In my quest of learning Computer vision I am starting with small datasets and less complex problems. So, today I am trying my hands on a kaggle problem which is basically an Image Classification problem from Kaggle

pls visit github for jupyter notebook

Description

To assess the impact of climate change on Earth’s flora and fauna, it is vital to quantify how human activities such as logging, mining, and agriculture are impacting our protected natural areas. Researchers in Mexico have created the VIGIA project, which aims to build a system for autonomous surveillance of protected areas. A first step in such an effort is the ability to recognize the vegetation inside the protected areas.

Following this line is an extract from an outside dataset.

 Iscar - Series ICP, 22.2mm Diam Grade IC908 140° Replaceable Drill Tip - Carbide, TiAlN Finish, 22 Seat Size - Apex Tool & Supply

In this competition, you are tasked with creation of an algorithm that can identify a specific type of cactus in aerial imagery.

Evaluation

Submissions are evaluated on area under the ROC curve between the predicted probability and the observed target.

Data

This dataset contains a large number of 32 x 32 thumbnail images containing aerial photos of a columnar cactus (Neobuxbaumia tetetzo). Kaggle has resized the images from the original dataset to make them uniform in size. The file name of an image corresponds to its id.

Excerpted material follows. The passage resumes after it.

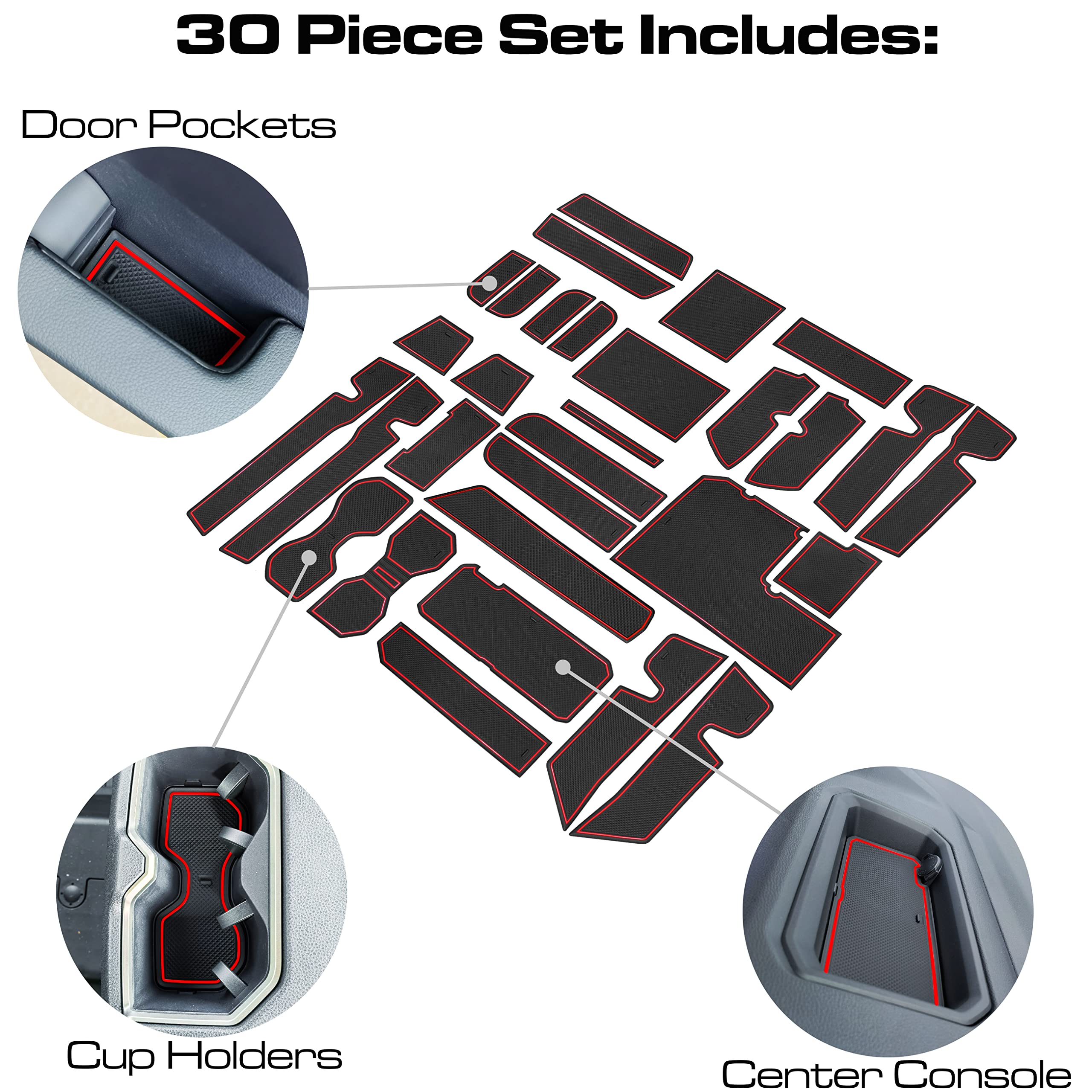 Senshine Custom Liner For Toyota Tundra Accessories 2022 2023 2024 Cup Holder Inserts Center Console Liner Mats Door Pocket Line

We must create a classifier capable of predicting whether an images contains a cactus.

Files

  • train/ - the training set images
  • test/ - the test set images (you must predict the labels of these)
  • train.csv - the training set labels, indicates whether the image has a cactus (has_cactus = 1)
  • sample_submission.csv - a sample submission file in the correct format

Approach

We will not be using any pretrained model this time and will rather create a model from scratch for learning purpose.

import pandas as pd
import numpy as np
import matplotlib.pyplot as plt
%matplotlib inline
import seaborn, gc, time, os, math

from sklearn.model_selection import train_test_split

import tensorflow as tf
print(tf.__version__)

from tensorflow.keras.preprocessing.image import load_img, ImageDataGenerator

seed = 42
np.random.seed(seed)
tf.random.set_seed(seed)

2.3.0

load the data

We have been given two folders for train and test images which contain images for both positive and negative classes. First we load the .csv file which has the IDs of images and their labels.

visualize the data

The first thing to do in Machine Learning is to understand the data yourself before fitting any model. It is better to understand the data and have a good intuition about the features(e.g. in case of tabular data) which may help in curve fitting and later interpreting the model. In our case we will pick randomly few samples and see the distribution of positive(image has cactus) and negative(image does not have cactus) classes.

fig,ax = plt.subplots(2,5, figsize=(10,7))

for i, index in enumerate(train_df[train_df["has_cactus"] == 1]["id"][:5]):
    path = os.path.join(train_dir, index)
    img = load_img(path)
    ax[0,i].set_title("Cactus")
    ax[0,i].imshow(img)
    
for i, index in enumerate(train_df[train_df["has_cactus"] == 0]["id"][:5]):
    path = os.path.join(train_dir, index)
    img = load_img(path)
    ax[1,i].set_title("No Cactus")
    ax[1,i].imshow(img)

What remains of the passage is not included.